Sunday, November 07, 2010

Song Of The Day



There aren't enough songs sublimely conveying universal feelings of dislocation using a slightly obscure literary reference as lyrical lynchpin. Some background from New York Magazine's review of Michel Houellebecq's H. P. Lovecraft: Against the World, Against Life is useful for context:

In Houellebecq’s reading, Lovecraft was initiated into the secrets of the vile by his disastrous move from Rhode Island to Brooklyn in 1924. He did it for love: At the age of 30, he’d married an older woman, Sonia Haft Greene, who was both Jewish and divorced (no small thing, Houellebecq points out, “for a conservative anti-Semite”). But affection, which had taken him this far, could take him no further. In the metropolis, he was jostled and out-hustled by immigrants and “negroes” and could not find work. “My coming to New York,” one of Lovecraft’s narrators concludes, “had been a mistake.” In that story, the hero is shown a terrifying vision of the future by a demon in Greenwich Village; in real life, the desperate Lovecraft and Sonia were forced to sell their furniture. For some time, he had to live alone in Red Hook. Two years later, utterly defeated, he left. The marriage failed.
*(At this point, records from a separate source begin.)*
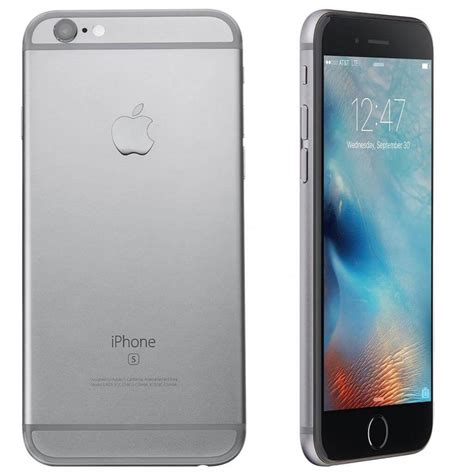 せずにホー Apple Iphone6s 64gb Ios10 3 3の通販 By Shop｜アップルならラクマ ートしてい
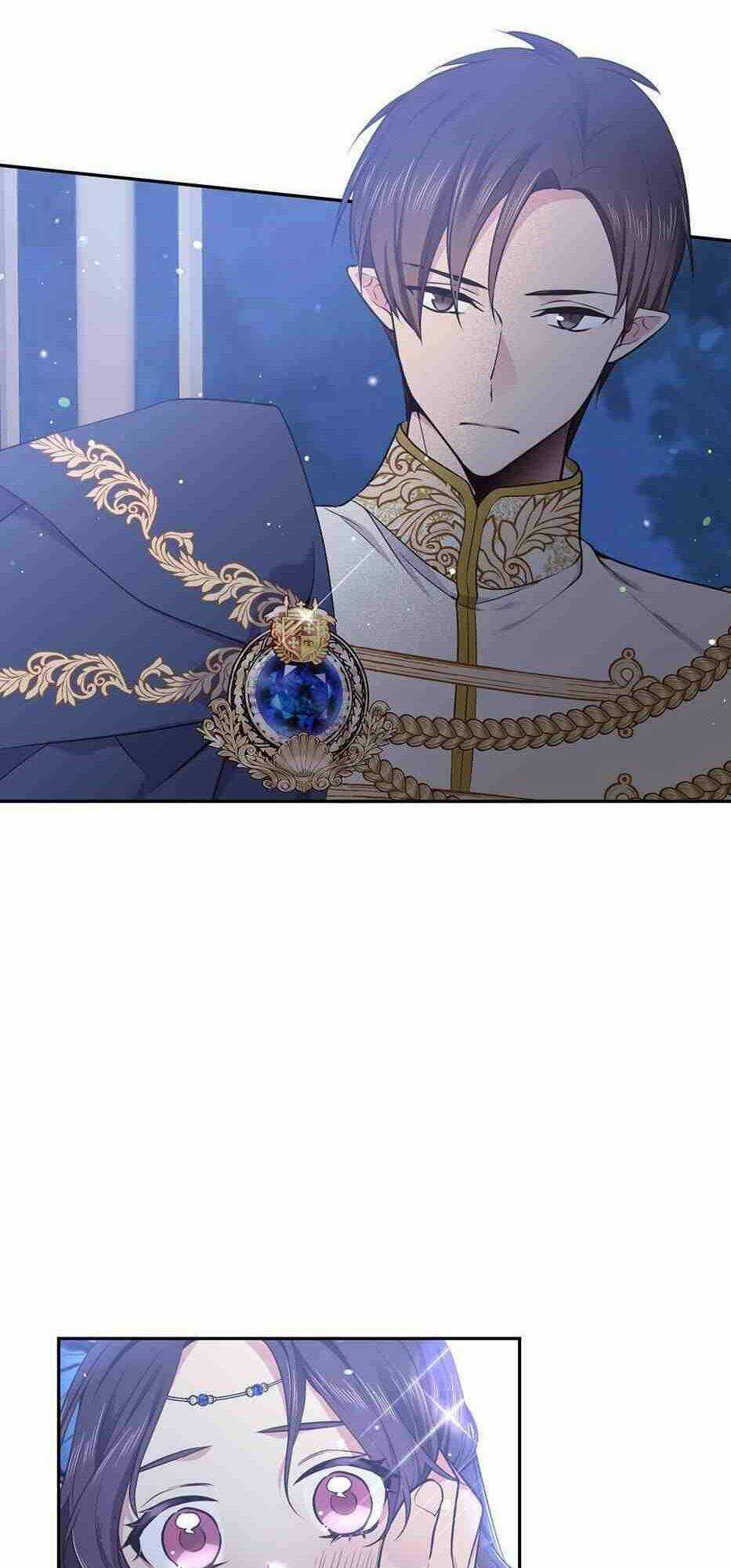 Mục Tiêu Là Cuộc Sống Hoàn Hảo Bất Khả Xâm Phạm Chapter 50 trang 9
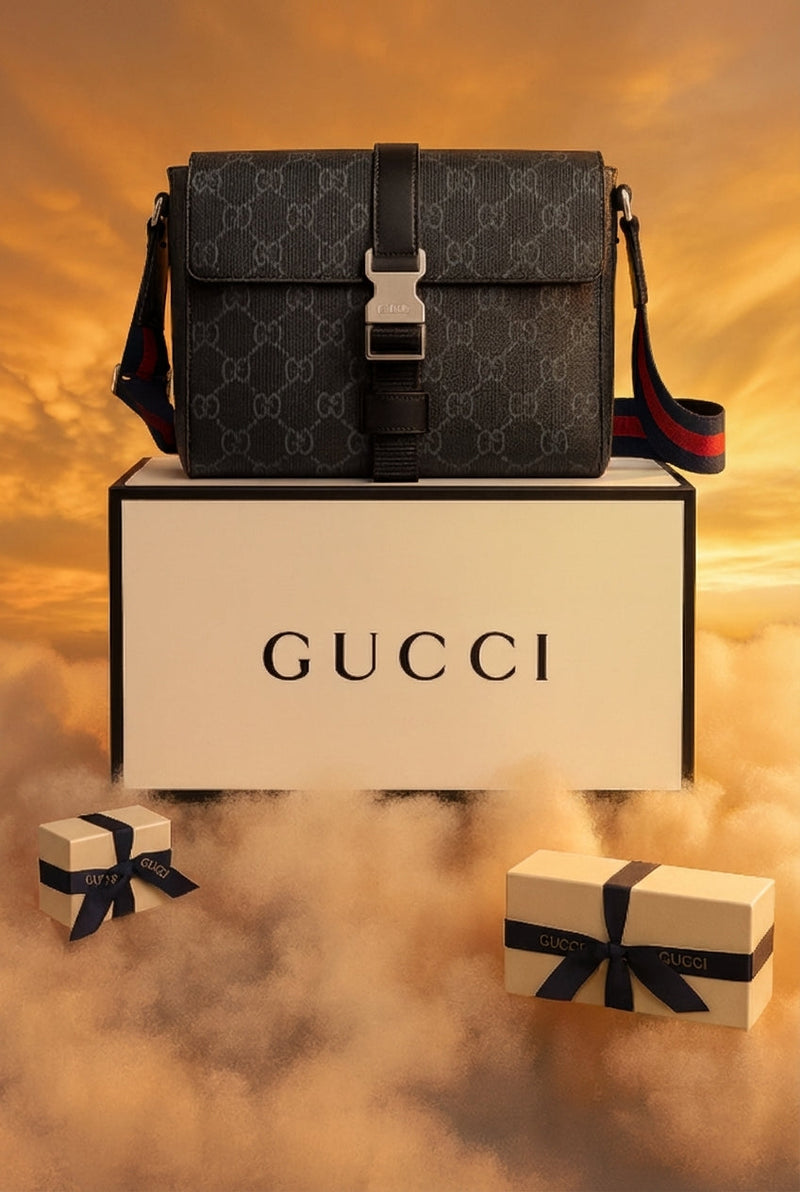 Sac à Bandoulière Gucci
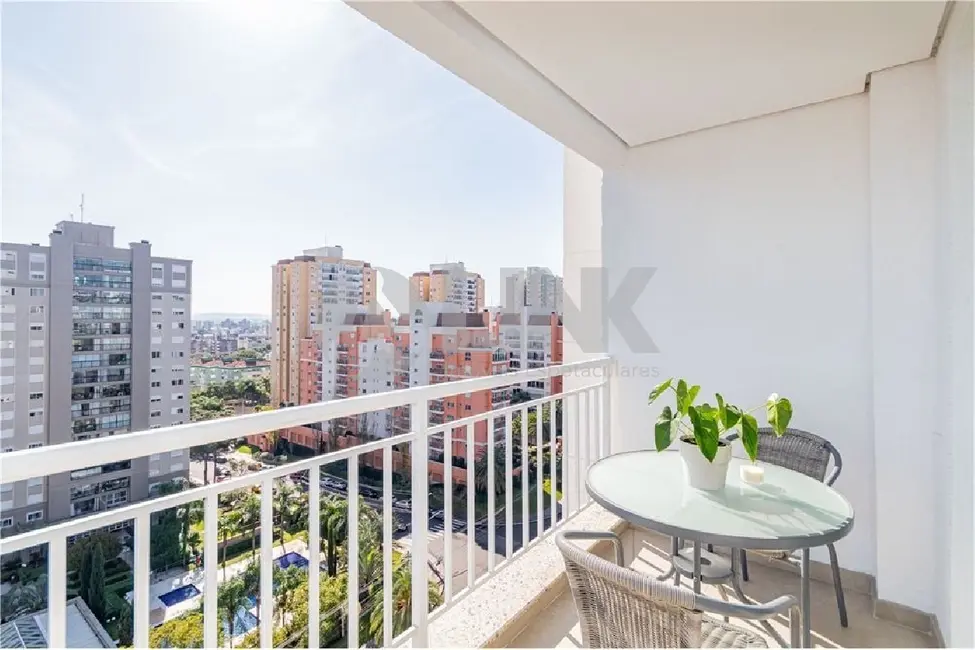 Apartamento com 1 quarto à venda, 55m2 em Jardim Europa, Porto Alegre - RS - imagem 5 Foto 5 de Apartamento com 1 quarto à venda, 55m2 em Jardim Europa, Porto Alegre - RS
Now to delve into what Lovecraft, in top spine-tingling form, called the "Italo-Semitico-Mongoloid" lower east side:

The Mountain Goats - Lovecraft In Brooklyn

Gonna be too hot to breathe today
But everybody is out here on the streets
Somebody has opened up the fire hydrant
Cold water rushing out in sheets

Some kid in a Marcus Allen jersey
Asks me for a cigarette
Companionship is where you find it
So I take what I can get

Lovecraft on the car-length funhouse mirrors
I stick to the shadows when I can
Lovecraft in Brooklyn

Well the sun goes down
The armies of the voiceless
Several hundred-thousand strong
Come without their bandages
Their voices raised in song
When the street lights sputter out
They make this awful sizzling sound

I cast my gaze towards the pavement
Too many bloodstains on the ground
Rhode Island drops into the ocean
No place to call home anymore
Lovecraft in Brooklyn

Head outside most everyday to try to keep the wolves away
Imagine nice things I might say
If company should come

Woke up afraid of my own shadow
Like, genuinely afraid
Headed for the pawnshop
To buy myself a switchblade
Someday something's coming
From way out beyond the stars
To kill us while we stand here
It will store our brains in mason jars
And then the girl behind the counter asks "How do you feel today?"
"I feel like Lovecraft in Brooklyn!"

Yeah!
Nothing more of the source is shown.